Similar to prior years, Individual Student Score Reports included two sections: a Performance Profile section, which describes student performance in the subject overall and a Learning Profile section, which provides detailed reporting of student mastery of individual skills. A cautionary statement was added to the 2020–2021 Performance Profile and Learning Profile, which indicated that the 2020–2021 academic year was significantly impacted by the COVID-19 pandemic, and mastery results may have reflected the unusual circumstances for instruction and assessment. For more information on validity considerations and scoring and reporting in flexible scenarios, see (A. K. Clark et al., 2021).

Other minor changes to the Individual Student Score Reports included changing the ‘Conceptual Area’ heading in Performance Profile to ‘Area’ to match the ‘Area’ heading on the Learning Profile and adding the area code used in the Learning Profile to the labels used in the Performance Profile for consistency.
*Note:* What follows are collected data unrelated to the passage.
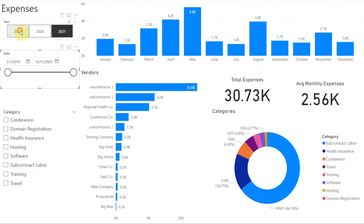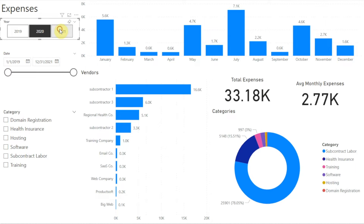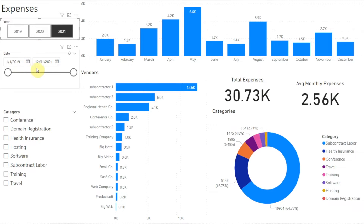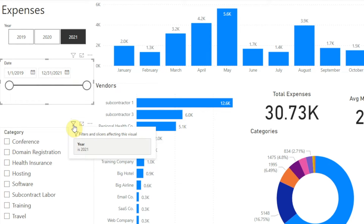But wait — why is our date slicer still showing a three-year date range? If we click the different years in the year slicer, all the other visuals change but the date slicer doesn't. If we click to select our date slicer we see three icons in the upper right. Hovering over the final icon, Power BI displays a pop-up labeled 'Filters and slicers affecting this visual,' and here it's telling us that nothing is filtering the date slicer. But if we hover over the icon for the category slicer, we see that it is being filtered by the year slicer.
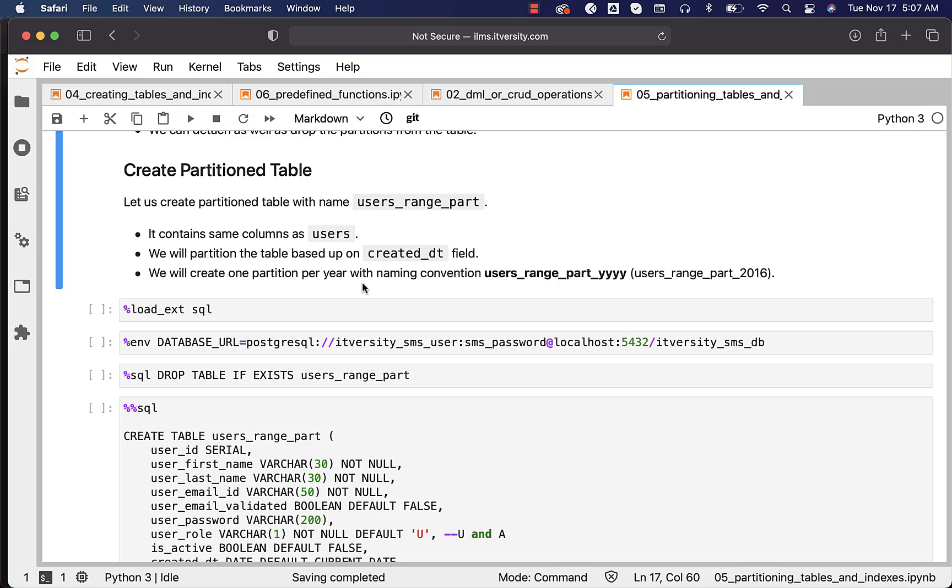Then we will create one partition per year as part of the next topic with naming convention users_range_part which is nothing but table name underscore four digit year. We will not be seeing how to manage partitions as part of this topic. We will see as part of the next topic.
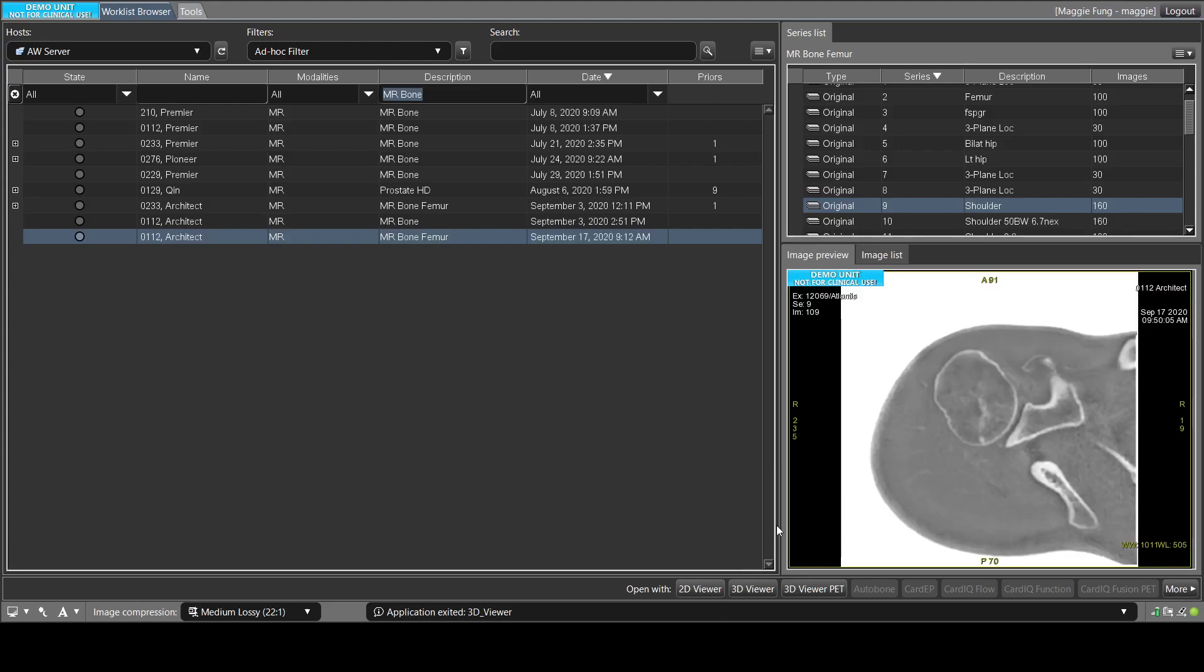Hi, today I would like to show you how to do volume rendering on an osteo ZTE bone sequence. First of all, you select your series, and then you open the 3D Viewer.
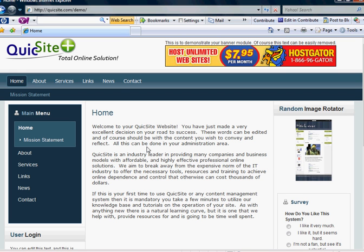Hello, and welcome to QuickSight.com's tutorial series. In this tutorial, we're going to go over how to add videos into your web page.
EEs were reordered in the table in the Learning Profile to match blueprint order, and the hyperlink for the DLM website’s font was increased and moved to the footer before the copyright statement.

A sample Performance Profile and a sample Learning Profile reflecting the 2020–2021 changes are provided in Figure 7.1 and Figure 7.2.

Figure 7.1: Example Page of the Performance Profile for 2020–2021.

Example Page of the Performance Profile for 2020–2021.

Figure 7.2: Example Page of the Learning Profile for 2020–2021.

Example Page of the Learning Profile for 2020–2021.

7.6 Quality Control Procedures for Data Files and Score Reports

Changes to the quality control procedures were made only to the extent of accommodating the revised score reports for 2020–2021 (i.e., checking to be sure changes were correctly and consistently applied). For a complete description of quality control procedures, see Chapter 7 in the 2014–2015 Technical Manual—Integrated Model (Dynamic Learning Maps Consortium, 2016a) and Chapter 7 in the 2015–2016 Technical Manual Update—Integrated Model (Dynamic Learning Maps Consortium, 2017a).

7.7 Conclusion

Following the 2020–2021 administration, five data files were delivered to state partners: GRF, special circumstance code file, exited students file, teacher survey data file, and test administration observations file. No incidents were observed during the 2020–2021 administration, so an incident file was not needed. Overall, between 7% and 39% of students achieved at the At Target or Advanced levels across all grades and subjects. However, these results should be interpreted with caution due to the confounding factors of assessment administration changes and COVID-19. Lastly, minor changes were made to score reports to aid in interpretation.